(Short text fragments from websites)
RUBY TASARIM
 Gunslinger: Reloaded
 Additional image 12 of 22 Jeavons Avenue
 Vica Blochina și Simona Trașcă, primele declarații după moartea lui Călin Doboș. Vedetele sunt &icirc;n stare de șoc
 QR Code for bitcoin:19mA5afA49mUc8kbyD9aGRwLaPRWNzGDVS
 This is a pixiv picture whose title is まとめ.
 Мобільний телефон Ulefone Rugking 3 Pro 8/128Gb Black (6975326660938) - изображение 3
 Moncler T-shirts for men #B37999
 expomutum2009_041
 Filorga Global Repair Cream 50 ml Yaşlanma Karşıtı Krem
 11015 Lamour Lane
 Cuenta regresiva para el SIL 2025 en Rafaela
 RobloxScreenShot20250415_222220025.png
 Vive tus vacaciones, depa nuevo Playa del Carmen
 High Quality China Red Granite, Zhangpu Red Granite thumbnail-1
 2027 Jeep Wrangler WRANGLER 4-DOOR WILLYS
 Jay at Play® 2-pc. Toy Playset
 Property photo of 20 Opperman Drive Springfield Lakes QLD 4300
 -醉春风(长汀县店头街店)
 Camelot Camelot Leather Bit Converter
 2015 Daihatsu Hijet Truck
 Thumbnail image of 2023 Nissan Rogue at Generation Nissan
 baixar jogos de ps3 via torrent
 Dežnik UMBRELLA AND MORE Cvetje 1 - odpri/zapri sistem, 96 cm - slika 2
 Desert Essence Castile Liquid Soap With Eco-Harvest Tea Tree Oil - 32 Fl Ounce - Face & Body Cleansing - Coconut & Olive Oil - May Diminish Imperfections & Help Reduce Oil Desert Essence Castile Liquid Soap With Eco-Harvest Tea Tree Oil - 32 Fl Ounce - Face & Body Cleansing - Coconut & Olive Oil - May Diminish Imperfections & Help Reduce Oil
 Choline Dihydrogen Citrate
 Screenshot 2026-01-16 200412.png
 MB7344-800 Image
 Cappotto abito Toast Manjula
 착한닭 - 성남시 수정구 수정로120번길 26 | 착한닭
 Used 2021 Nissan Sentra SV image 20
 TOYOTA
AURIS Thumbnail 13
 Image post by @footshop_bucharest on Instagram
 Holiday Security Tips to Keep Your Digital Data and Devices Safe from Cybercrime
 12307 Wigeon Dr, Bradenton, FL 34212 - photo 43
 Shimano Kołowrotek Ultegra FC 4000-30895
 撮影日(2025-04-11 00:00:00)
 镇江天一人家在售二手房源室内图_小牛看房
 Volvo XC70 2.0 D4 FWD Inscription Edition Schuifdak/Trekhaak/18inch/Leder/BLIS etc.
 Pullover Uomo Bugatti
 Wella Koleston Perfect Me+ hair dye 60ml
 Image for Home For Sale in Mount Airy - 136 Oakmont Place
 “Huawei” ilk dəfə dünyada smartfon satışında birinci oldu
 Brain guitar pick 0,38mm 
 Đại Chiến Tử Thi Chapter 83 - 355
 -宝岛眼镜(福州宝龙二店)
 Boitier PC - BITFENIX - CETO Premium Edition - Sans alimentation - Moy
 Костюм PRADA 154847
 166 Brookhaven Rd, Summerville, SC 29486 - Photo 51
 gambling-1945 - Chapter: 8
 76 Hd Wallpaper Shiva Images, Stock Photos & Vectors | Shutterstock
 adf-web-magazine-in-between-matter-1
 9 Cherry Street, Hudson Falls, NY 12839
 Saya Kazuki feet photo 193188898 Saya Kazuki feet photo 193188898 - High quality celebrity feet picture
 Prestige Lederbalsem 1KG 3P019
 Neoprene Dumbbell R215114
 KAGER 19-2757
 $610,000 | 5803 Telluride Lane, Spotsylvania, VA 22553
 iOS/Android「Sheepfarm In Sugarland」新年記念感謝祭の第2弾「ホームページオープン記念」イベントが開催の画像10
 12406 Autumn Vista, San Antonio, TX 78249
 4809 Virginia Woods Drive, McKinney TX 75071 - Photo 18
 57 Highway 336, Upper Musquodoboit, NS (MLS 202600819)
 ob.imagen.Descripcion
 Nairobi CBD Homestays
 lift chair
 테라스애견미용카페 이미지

PROBLEM TO SOLVE: Repeat, exactly as they stand above, the lines from the line with "착한닭 - 성남시 수정구 수정로120번길 26 | 착한닭" to the line with "Volvo XC70 2.0", both lines included.

RESPONSE BELOW:
 착한닭 - 성남시 수정구 수정로120번길 26 | 착한닭
 Used 2021 Nissan Sentra SV image 20
 TOYOTA
AURIS Thumbnail 13
 Image post by @footshop_bucharest on Instagram
 Holiday Security Tips to Keep Your Digital Data and Devices Safe from Cybercrime
 12307 Wigeon Dr, Bradenton, FL 34212 - photo 43
 Shimano Kołowrotek Ultegra FC 4000-30895
 撮影日(2025-04-11 00:00:00)
 镇江天一人家在售二手房源室内图_小牛看房
 Volvo XC70 2.0 D4 FWD Inscription Edition Schuifdak/Trekhaak/18inch/Leder/BLIS etc.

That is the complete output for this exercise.